The Mediterranean Sea gives us a momentary relief and escape. It’s something that the occupier can’t steal from us. True they conquer the sea, shoot at fishers and restrict their movement. True their warplanes launch missiles at kids playing on the beach like they did in 2014 when they killed the Bakir boys… but at least we have a horizon to contemplate.
Although I may sound like a child whining over and over, I have to say that it’s not my intention to keep repeating things. I consciously keep talking about what my people’s lives under siege. I keep repeating words like killing, Israeli attacks, undrinkable water, polluted air, restrictions of movement, denial of treatment, bombardment of homes. I reiterate because this is the daily reality we live under.

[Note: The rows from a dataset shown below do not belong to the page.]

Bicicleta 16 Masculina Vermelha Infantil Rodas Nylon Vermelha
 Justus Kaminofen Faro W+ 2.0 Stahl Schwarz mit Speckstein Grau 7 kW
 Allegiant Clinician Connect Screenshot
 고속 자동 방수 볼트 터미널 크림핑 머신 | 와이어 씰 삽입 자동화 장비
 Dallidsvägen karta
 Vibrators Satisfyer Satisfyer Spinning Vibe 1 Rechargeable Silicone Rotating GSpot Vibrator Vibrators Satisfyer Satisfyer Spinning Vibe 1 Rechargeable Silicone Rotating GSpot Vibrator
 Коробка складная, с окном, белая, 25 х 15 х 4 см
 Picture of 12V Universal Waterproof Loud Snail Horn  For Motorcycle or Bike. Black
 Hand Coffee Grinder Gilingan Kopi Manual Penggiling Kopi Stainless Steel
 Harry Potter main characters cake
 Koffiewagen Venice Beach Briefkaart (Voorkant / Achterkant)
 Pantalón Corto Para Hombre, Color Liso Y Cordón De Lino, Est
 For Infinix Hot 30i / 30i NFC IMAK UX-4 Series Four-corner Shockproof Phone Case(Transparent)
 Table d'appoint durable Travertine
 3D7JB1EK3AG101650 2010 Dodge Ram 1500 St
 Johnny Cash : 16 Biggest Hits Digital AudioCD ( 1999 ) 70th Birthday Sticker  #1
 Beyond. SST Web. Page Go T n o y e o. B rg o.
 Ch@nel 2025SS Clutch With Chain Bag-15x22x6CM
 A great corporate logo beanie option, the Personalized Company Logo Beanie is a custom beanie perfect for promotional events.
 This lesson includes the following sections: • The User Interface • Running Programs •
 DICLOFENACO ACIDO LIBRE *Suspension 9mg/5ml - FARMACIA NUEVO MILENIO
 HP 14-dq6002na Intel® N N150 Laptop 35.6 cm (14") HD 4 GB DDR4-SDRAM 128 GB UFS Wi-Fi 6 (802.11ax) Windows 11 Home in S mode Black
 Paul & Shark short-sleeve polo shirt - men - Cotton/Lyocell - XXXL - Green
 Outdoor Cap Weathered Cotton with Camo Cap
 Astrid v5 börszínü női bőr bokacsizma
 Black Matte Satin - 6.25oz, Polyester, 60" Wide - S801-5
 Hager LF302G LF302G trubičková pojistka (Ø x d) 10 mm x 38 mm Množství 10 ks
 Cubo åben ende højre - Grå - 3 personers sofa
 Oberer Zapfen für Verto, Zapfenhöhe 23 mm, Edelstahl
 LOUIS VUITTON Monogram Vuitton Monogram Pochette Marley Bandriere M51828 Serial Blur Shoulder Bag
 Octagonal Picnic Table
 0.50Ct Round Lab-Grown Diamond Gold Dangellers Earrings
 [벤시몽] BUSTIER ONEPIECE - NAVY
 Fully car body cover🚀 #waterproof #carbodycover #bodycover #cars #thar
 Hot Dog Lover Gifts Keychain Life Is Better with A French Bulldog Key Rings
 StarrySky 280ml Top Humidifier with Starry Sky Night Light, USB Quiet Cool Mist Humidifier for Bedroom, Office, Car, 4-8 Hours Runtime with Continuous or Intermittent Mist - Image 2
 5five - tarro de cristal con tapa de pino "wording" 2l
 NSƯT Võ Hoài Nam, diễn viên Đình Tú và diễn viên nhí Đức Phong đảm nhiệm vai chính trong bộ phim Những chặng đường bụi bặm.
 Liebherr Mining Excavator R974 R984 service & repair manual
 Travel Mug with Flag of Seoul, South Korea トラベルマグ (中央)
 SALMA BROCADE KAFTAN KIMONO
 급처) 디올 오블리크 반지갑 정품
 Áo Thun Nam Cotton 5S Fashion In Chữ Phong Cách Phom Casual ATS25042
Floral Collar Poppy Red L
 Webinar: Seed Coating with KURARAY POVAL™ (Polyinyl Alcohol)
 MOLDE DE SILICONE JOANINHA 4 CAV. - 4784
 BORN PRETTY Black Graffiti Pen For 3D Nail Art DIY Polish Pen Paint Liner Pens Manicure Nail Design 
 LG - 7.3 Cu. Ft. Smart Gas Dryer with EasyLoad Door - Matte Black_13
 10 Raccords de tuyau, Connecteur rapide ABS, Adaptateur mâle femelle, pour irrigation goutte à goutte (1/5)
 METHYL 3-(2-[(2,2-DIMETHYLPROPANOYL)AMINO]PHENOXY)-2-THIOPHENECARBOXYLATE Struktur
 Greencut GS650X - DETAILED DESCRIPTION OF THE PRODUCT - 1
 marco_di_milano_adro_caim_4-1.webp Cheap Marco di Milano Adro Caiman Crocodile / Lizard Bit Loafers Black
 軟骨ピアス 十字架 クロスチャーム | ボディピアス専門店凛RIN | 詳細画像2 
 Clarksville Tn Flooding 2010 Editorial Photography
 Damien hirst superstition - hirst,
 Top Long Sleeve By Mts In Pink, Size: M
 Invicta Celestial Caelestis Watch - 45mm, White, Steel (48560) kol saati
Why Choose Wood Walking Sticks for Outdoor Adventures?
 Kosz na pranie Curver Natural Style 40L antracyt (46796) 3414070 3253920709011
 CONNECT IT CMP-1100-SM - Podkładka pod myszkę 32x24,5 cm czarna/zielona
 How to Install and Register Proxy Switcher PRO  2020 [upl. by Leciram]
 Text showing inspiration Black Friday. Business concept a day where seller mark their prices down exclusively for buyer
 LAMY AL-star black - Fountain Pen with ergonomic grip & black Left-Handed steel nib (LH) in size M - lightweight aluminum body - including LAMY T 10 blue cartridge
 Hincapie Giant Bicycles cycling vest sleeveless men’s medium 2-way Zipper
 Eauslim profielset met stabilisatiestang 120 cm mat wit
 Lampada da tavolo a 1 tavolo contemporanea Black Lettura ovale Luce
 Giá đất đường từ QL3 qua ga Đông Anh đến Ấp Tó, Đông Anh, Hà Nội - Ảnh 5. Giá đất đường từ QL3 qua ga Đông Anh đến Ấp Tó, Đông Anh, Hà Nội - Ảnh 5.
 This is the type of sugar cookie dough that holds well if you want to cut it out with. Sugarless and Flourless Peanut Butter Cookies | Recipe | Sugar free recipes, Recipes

It’s a daily struggle to decide to continue living. It’s a daily struggle to keep believing that the morning light will overtake the darkness. It’s a momentum feat to raise our kids under lacking of a decent life. In a place where they only read about the rest of Palestine in books. They see news of more day-to-day murders of fellow Palestinians in Jenin, Nablus, and Jerusalem. A picture forms in their heads that the other parts of our country aren’t safer than the one we’re living in. They become distraught and confused and trapped into this claustrophobic bubble and anticipate the time when they can make the decision to leave.